▸ **ACTIVITY**
Give all the lines below again, exactly, with no pictures.

▸ **PROVIDED INFORMATION**
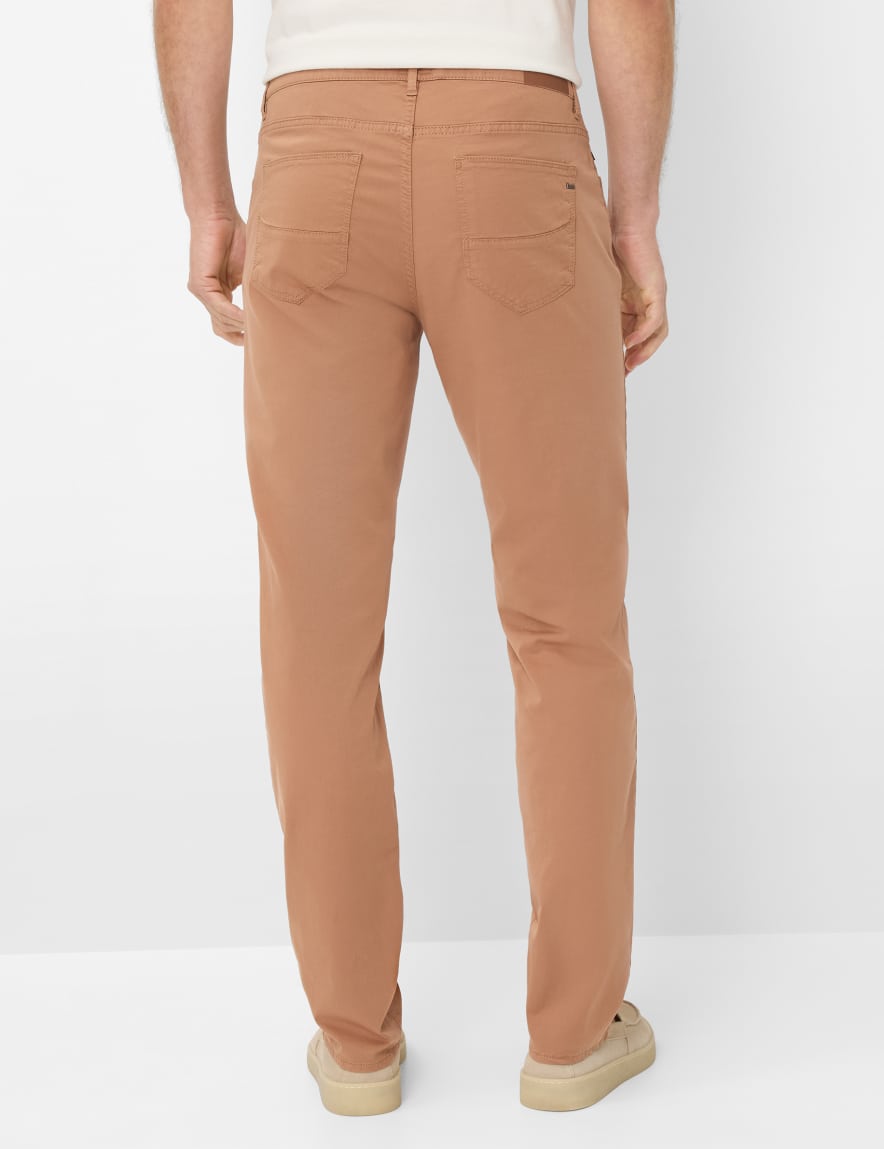 Eurex By Brax Men's Fashion Pants Style CADIZ Brown Straight Fit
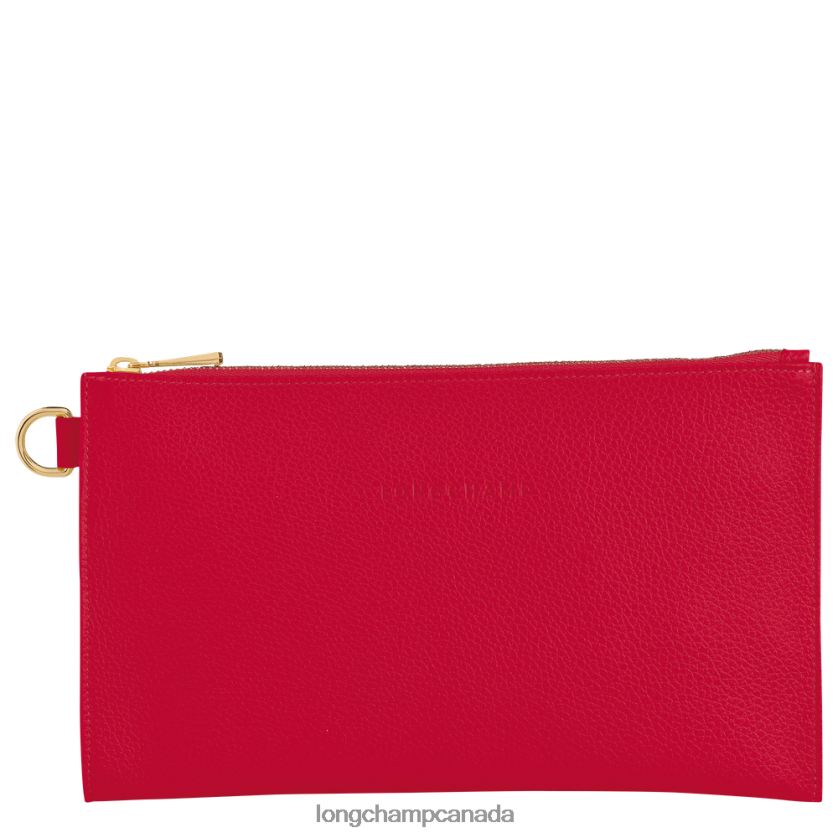 Longchamp Le Foulonne Pouch Love Women Leather Goods 2XXDPB702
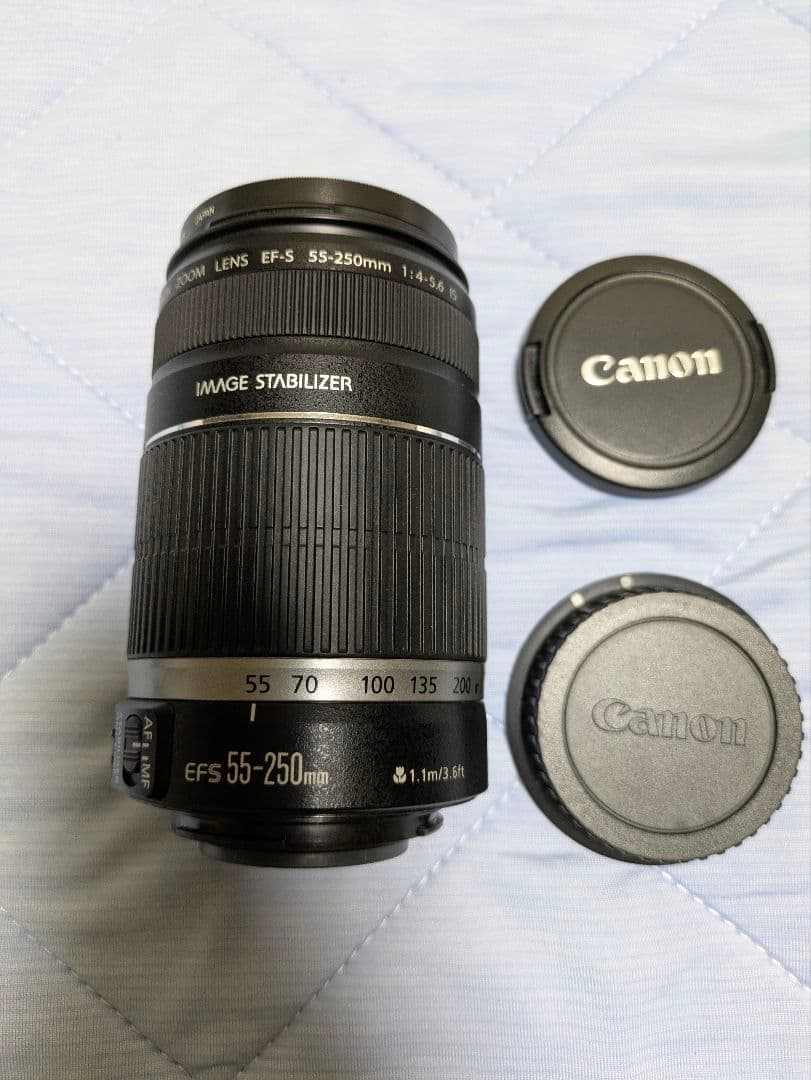 CANON EFS55−250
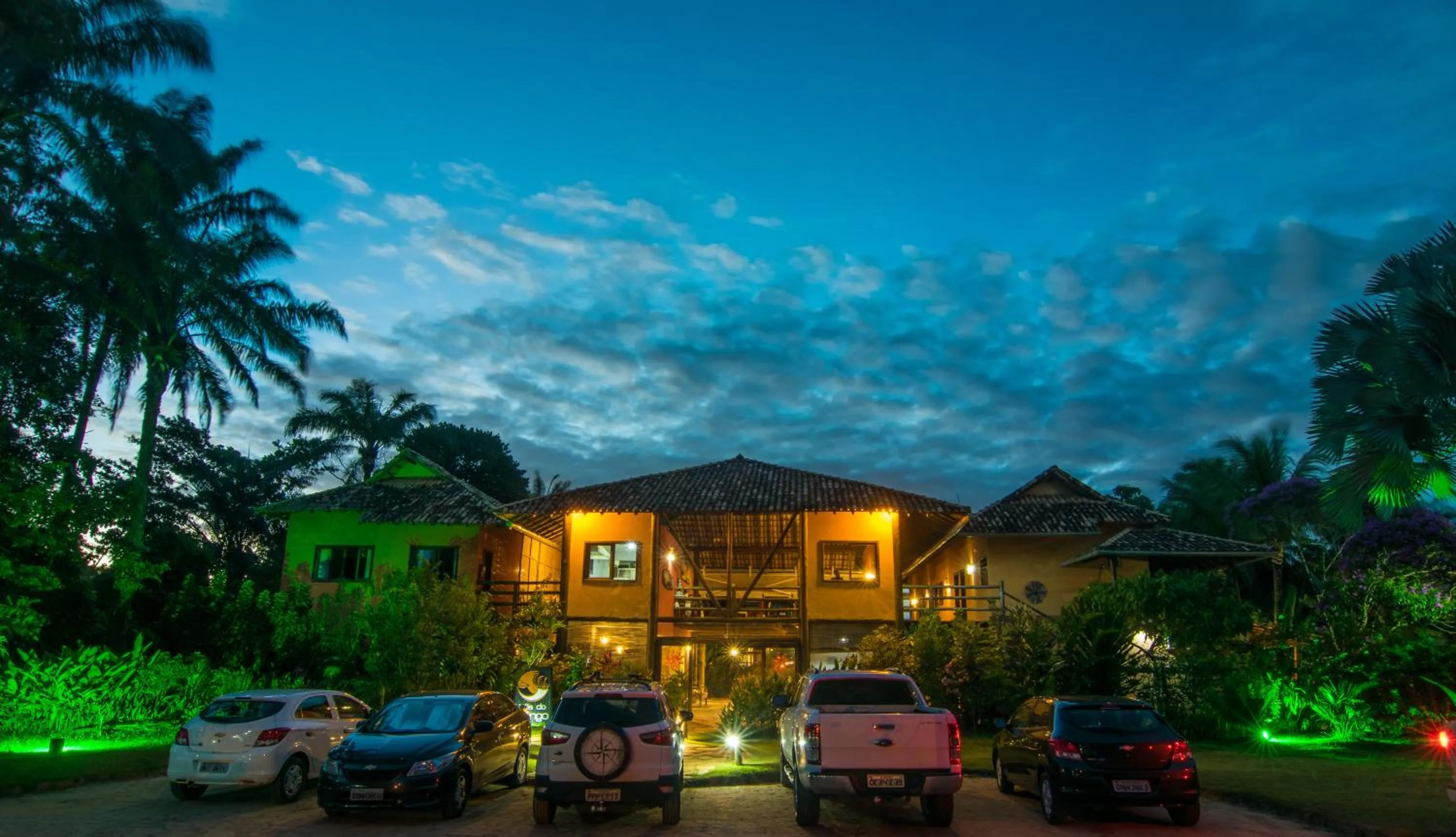 Facade/entrance in Pousada Vila do Dengo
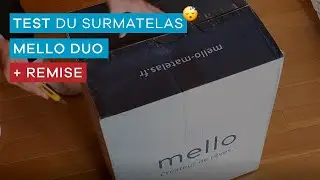 Surmatelas Mello Duo 🥇 Tests et Avis 2023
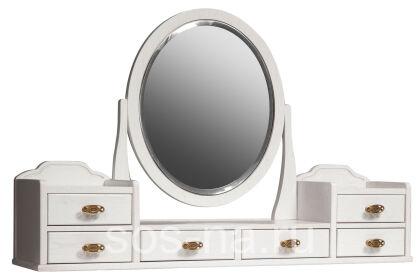 Зеркало-надставка Паола 2330 БМ671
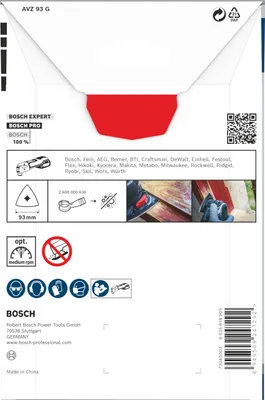 Produktbild von PRO AVZ 93 G Zubehör für Multifunktionswerkzeuge, 93 mm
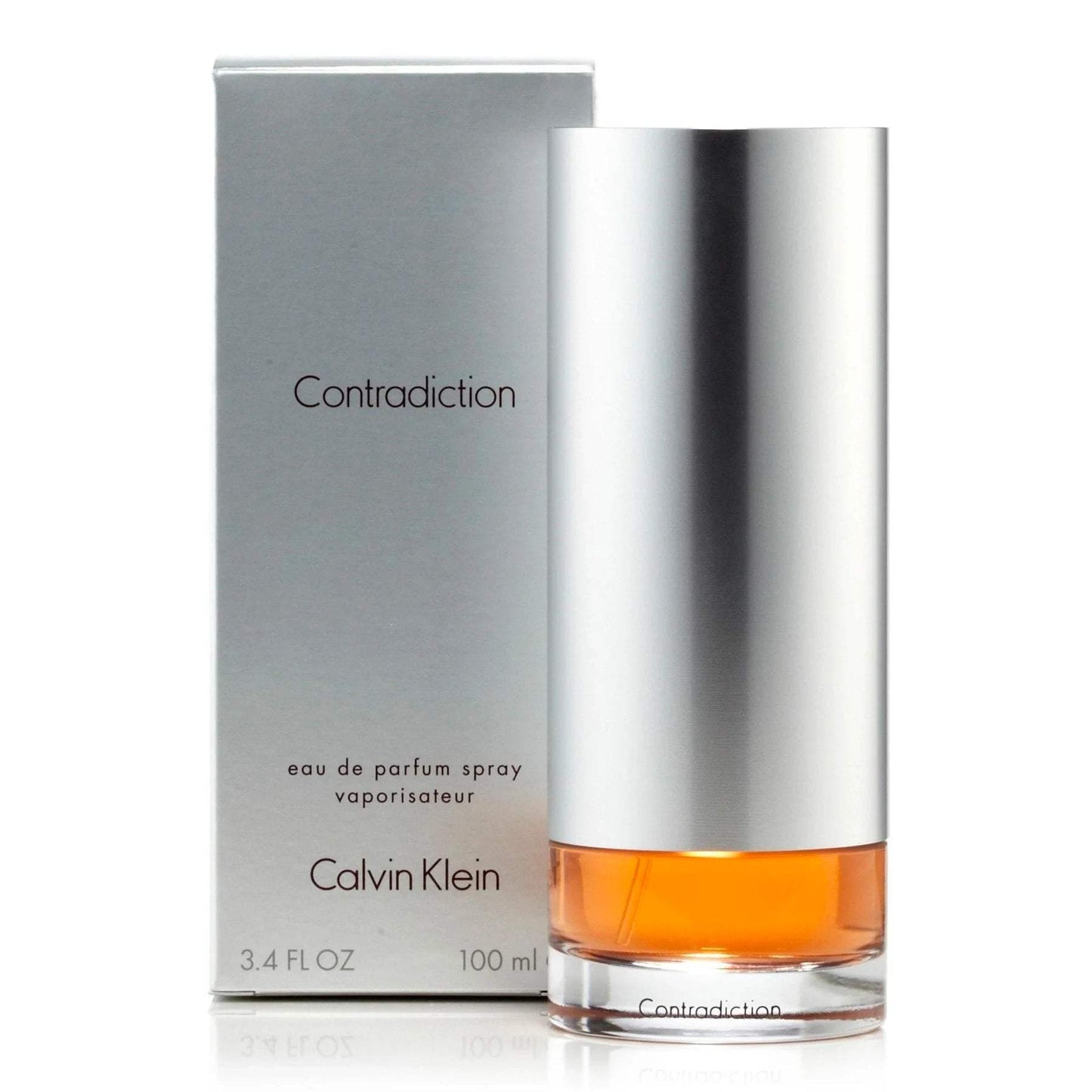 Contradiction by Calvin Klein for Women - 3.4 oz EDP Spray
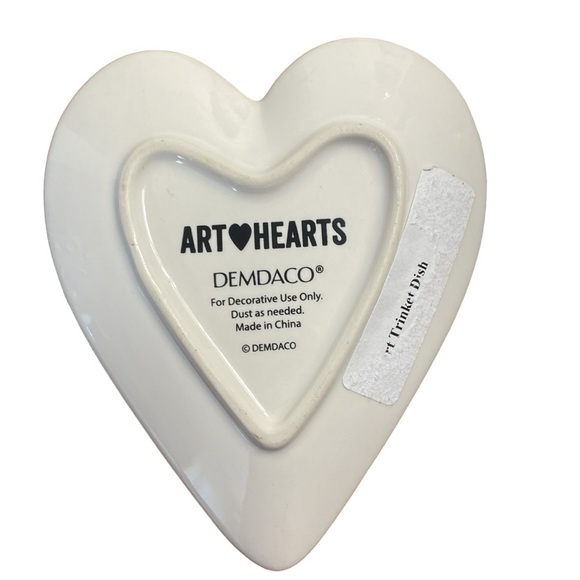 Loyal Art Heart Trinket Dish by Demdaco from their Art Hearts Collection - Picture 6 of 7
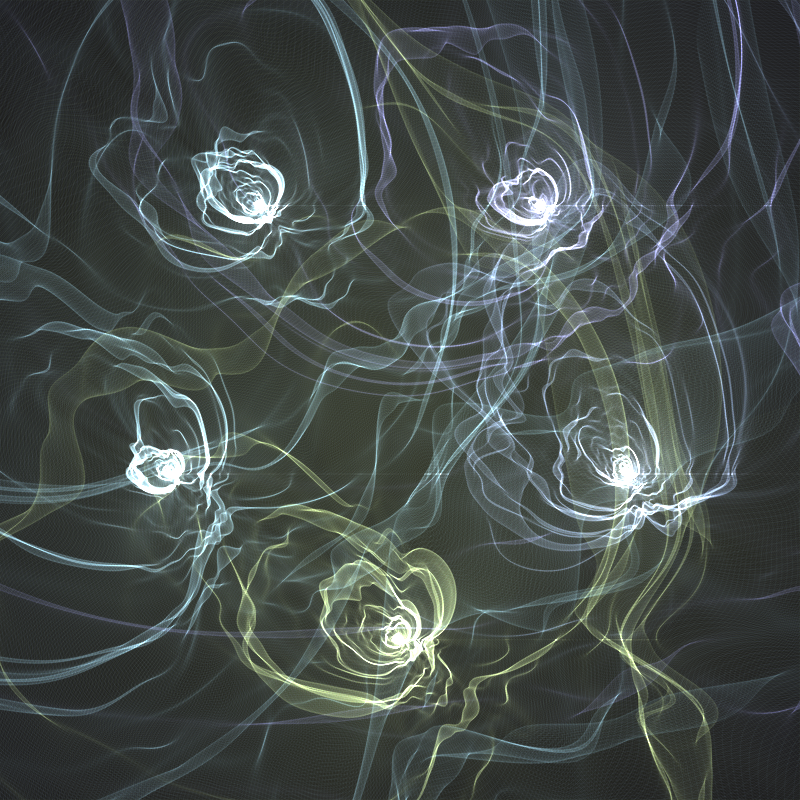 Flowering Circles #14 static token preview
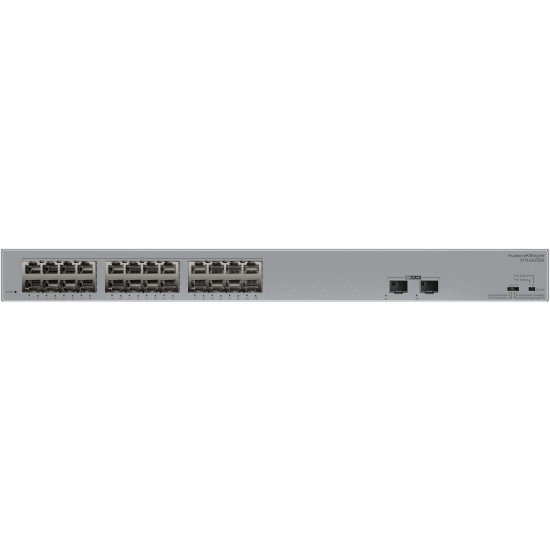 HUAWEI eKit S110 Series S110-24LP2SR Non-géré L2 Gigabit Ethernet (10/100/1000) Connexion Ethernet POE 1U Gris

▸ **TASK SOLUTION**
 Eurex By Brax Men's Fashion Pants Style CADIZ Brown Straight Fit
 Longchamp Le Foulonne Pouch Love Women Leather Goods 2XXDPB702
 CANON EFS55−250
 Facade/entrance in Pousada Vila do Dengo
 Surmatelas Mello Duo 🥇 Tests et Avis 2023
 Зеркало-надставка Паола 2330 БМ671
 Produktbild von PRO AVZ 93 G Zubehör für Multifunktionswerkzeuge, 93 mm
 Contradiction by Calvin Klein for Women - 3.4 oz EDP Spray
 Loyal Art Heart Trinket Dish by Demdaco from their Art Hearts Collection - Picture 6 of 7
 Flowering Circles #14 static token preview
 HUAWEI eKit S110 Series S110-24LP2SR Non-géré L2 Gigabit Ethernet (10/100/1000) Connexion Ethernet POE 1U Gris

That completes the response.